Adrift on a sea of grass
“There was hardly a face that was not torn, pock-marked, pitted, and wrinkled as if with incredible suffering and struggling. Everywhere greater fragments had broken away to lie in massive splinters in the sand at the base, or to balance precariously on the edge of an abyss.”
— Laurens van der Post “Lost World of the Kalahari”
Forty kilometers west of Ncamasere and the Okavango panhandle, Tsodilo Hills drift like a petrified Armada on a sea of grass. They hold out the promise of high ground, but little else, drawing primordial power from their solitude on the wide plains, as if they waited for the return of the rains, the nomad herds, or the small bands of hunters that once inhabited them.
For miles there’s nothing to draw the eye – no rise or fall of land, no valley, no ridgeline, just broad-shouldered Kalahari horizons stretching as far as the eye can see. The roads run straight, without hesitation across a landscape as level as a billiard board, the hills erupting with little warning, as if a wave had risen from the savannah and frozen in mid-flight – the last egress of an ancient landmass long hidden beneath the desert sands. The Hambukushu call them simply Monna, Mosadi, Ngwana and Ngwana-wa-ngwana – Male, Female, Child and Grandchild.

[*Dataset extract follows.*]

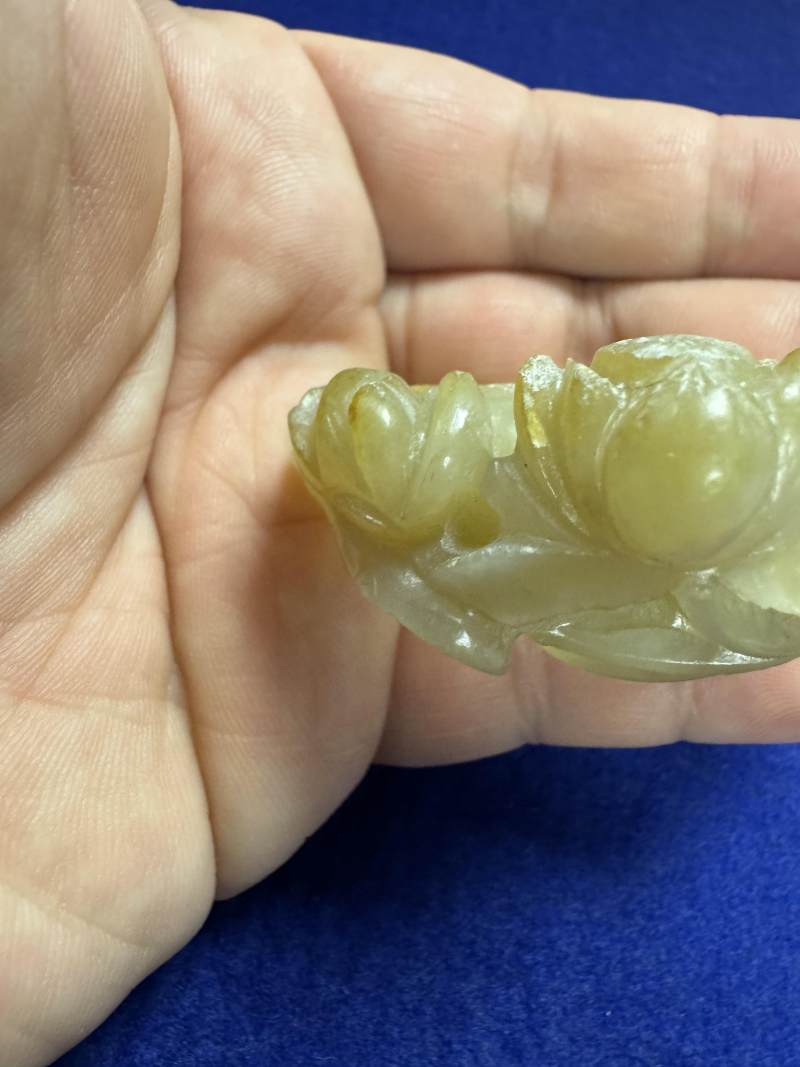 元 白玉紅沁荷葉式水洗 - 图10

A low sun casts slanting pathways of light over yellow ankle-high grasses and the male hill begins to smoulder like a burning coal over the thornveld scrub. From nearby, the muted sounds of a village drift toward the campsite — the cry of a baby, the call of a nightjar, cattle pacing slowly through the low bush — as if the veld murmured a lullaby to itself. A slow breeze breaks the stillness of the evening and the perfume of woodsmoke and dry dust rises into the warm air over Botswana.
A group of Ju/’Haonsi emerge from the bush – two older women, a small dirty child and a young girl of eleven or twelve. The girl is blind in one eye. She offers ostrich-eggshell beads and an assortment of traditional adornments for sale. I spend a few Pula on a makalani nut with a miniature cameo engraved into the bark – an elephant, a bird in a leafless tree and a bent bushman on walking sticks.
From the dusty museum at the foot of the hills we follow Petolo, a Hambukushu guide, along the Rhino trail. Tracing the spoor of the first animals into the hills, placing boots in the indentations made by their hooves in the rock, crumbling shards of ochre and specularite between our fingers and taking in the wide savannah expanding to infinity every direction.
Against the side of the female hill, a broad slab of sandstone rises into a sky flecked by white clouds. The painted eland of the ‘van der Post panel’ watches over the plains like an emissary from another time – as fresh as the day it was painted – as if it could leap off the side of the cliff and transform into the rainbull once more, as if it could summon the rain’s feet, cause ancient rivers to flood, lake beds to fill and the wide plains to brim with game as they once had in an Africa long before it was swept into the tides of history.
In the morning the hills are sombre under a mackerel sky. There’d been wind all night; shaking the tent. Back on the trans-Kalahari highway vultures circle over ever-receding horizons edged by tall cumulus that draw the car on until somewhere past Ghanzi where a late afternoon thunderstorm breaks and rain pelts the windscreen like bullets. As the storm passes, a coolness grabs the air, the tyres bite into the red earth along the northern rim of Mabuasehube and the machine begins to growl and tremble between rows of yellow-blonde grass
Inside the park, a leopard is framed by the light of a low sun, brown hyena scavenge beneath the stars and the feral perfume of woodsmoke hangs in the still air over the campsite once more.